沈明語回去時,發覺千佛寺守備更爲森嚴了。
她記得先前發現布條的小路,從竹林後山繞過去,順着路小心往回走,避開衆人,躡手躡腳去了自己的禪房。
剛躺下來,就聽得外面有人敲門,問她能否走一趟。
來人是李珩的貼身內宦,明面上是請她過去,話裏頭卻沒有商量的餘地。
李珩大半夜叫她過去,顯然不是爲了嘮嗑。
今夜出了這麼多亂子,人多眼雜,沈明語知道,自己提前警醒袁爲善的事,怕是瞞不住的。
心裏有了底, 沈明語只好打着哈欠,疲憊地說:“帶路吧。”
過去的路上,沈明語狀若關切地問起李珩的傷勢,期望多打探點消息,以備應對之策,可惜對方壓根兒不搭理她。
李珩住在靜心堂,與太子隔了個院子。
一進門,沈明語便被滿屋子酒味燻得發悶。
她環顧了一圈,倏地注意到角落裏的一個老和尚。
那和尚約莫六七十歲的年紀,衣着邋遢,袒胸露腹,乾瘦的臉上嘿嘿傻笑着,脖頸上戴了串碩大的紫檀佛珠,正攥了個酒瓶子,往嘴裏直灌,濃香烈酒灑了他一身。
人顯然醉得不輕,目光渙散,看沈明語進來,也毫無反應,只顧着嚷嚷“再來一瓶”。
沈明語滿頭霧水。
江太傅站在屏風側,面頰深凹,一夜之間似是蒼老了許多,正在低頭吩咐內宦,“給大師再弄幾瓶酒來。”
內宦將沈明語推到江太傅身前,恭敬地後退,快步朝裏間走去了。
屋裏的人並不多,除了坐在角落的老和尚,坐在椅子上惶惶不安的孫侍講,竟然還有太子李瑛和袁爲善。

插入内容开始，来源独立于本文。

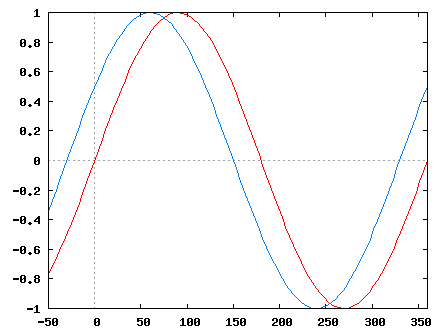 [sin(+30)]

看她進來,李瑛朝她招手,叫她在一邊椅子坐下,盡力放緩了聲氣,溫和道:“這麼晚還叫你過來,也是迫不得已,老七昏迷不醒,孤想請你救老七。”
沈明語滿頭霧水。
江太傅熬了整夜,疲憊不堪,身子晃了晃,差點兒摔倒。
他揉了揉眉心,開門見山說道:“那個刺客見刺殺不成,臨走前在七殿下臂上種了毒,是若愚大師算到你的血才能救他。”
沈明語目光極快地瞥了一眼裏間,看裏面似乎人影攢動,幾個內宦和太醫正在忙碌,當即意識到了問題。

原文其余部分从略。